Signed on June 28, 1919 between Germany and the principal Allied powers, the Treaty of Versailles formally ended World War I. Problematic from the very beginning, even its contemporaries saw the treaty as a mediocre compromise, creating a precarious order in Europe and abroad and destined to fall short of ensuring lasting peace. At the time, observers read the treaty through competing lenses: a desire for peace after five years of disastrous war, demands for
vengeance against Germany, the uncertain future of colonialism, and, most alarmingly, the emerging threat of Bolshevism. A century after its signing, we can look back at how those developments evolved through the twentieth century, evaluating the treaty and its consequences with unprecedented depth of
perspective.

The author of several award-winning books, Michael S. Neiberg provides a lucid and authoritative account of the Treaty of Versailles, explaining the enormous challenges facing those who tried to put the world back together after the global destruction of the World War I. Rather than assessing winners and losers, this compelling book analyzes the many subtle factors that influenced the treaty and the dominant, at times ambiguous role of the "Big Four" leaders: Woodrow Wilson of the United
States, David Lloyd George of Great Britain, Vittorio Emanuele Orlando of Italy, and Georges Clemenceau of France.

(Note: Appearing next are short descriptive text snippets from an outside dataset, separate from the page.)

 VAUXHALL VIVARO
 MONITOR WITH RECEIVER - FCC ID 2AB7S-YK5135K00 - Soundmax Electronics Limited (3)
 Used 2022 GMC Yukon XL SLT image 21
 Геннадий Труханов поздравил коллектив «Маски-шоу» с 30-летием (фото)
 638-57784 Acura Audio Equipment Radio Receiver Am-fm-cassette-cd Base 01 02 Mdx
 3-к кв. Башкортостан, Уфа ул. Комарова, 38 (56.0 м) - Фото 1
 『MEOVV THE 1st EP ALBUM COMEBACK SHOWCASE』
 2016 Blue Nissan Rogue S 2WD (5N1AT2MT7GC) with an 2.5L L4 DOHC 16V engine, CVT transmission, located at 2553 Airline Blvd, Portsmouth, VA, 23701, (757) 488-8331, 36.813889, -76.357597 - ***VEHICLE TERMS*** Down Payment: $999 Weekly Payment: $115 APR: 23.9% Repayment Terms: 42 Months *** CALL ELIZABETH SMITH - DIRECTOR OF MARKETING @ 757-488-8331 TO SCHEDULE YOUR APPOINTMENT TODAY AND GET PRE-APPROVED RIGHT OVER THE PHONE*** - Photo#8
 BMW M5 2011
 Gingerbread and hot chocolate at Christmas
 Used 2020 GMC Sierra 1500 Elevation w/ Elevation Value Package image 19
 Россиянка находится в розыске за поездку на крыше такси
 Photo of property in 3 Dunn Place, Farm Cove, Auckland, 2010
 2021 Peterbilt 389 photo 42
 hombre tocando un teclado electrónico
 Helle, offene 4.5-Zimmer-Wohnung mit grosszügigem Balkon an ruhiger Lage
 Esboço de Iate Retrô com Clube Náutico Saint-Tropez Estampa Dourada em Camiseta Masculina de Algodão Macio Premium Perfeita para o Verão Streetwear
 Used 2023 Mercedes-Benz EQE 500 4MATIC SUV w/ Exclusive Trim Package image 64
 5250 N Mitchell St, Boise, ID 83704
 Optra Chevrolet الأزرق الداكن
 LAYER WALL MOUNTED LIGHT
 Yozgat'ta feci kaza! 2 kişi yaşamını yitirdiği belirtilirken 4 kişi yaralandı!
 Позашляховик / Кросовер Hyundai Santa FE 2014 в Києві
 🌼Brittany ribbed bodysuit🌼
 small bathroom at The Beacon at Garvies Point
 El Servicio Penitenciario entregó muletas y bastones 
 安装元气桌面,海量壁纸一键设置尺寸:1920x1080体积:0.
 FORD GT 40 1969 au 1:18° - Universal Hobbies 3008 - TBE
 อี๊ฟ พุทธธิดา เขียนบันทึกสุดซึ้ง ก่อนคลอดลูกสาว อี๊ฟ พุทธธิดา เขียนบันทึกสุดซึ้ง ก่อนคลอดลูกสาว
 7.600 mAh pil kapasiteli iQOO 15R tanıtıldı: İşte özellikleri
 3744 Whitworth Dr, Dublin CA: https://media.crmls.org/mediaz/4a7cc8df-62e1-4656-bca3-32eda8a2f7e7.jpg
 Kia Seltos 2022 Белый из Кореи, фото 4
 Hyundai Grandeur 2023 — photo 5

The Treaty of Versailles was not solely responsible for the catastrophic war that crippled Europe and the world just two decades later, but it played a critical role. As Neiberg reminds us, to understand decolonization, World War II, the Cold War, and even the complex world we inhabit today, there is no better place to begin than with World War I and the treaty that tried, and perhaps failed, to end it.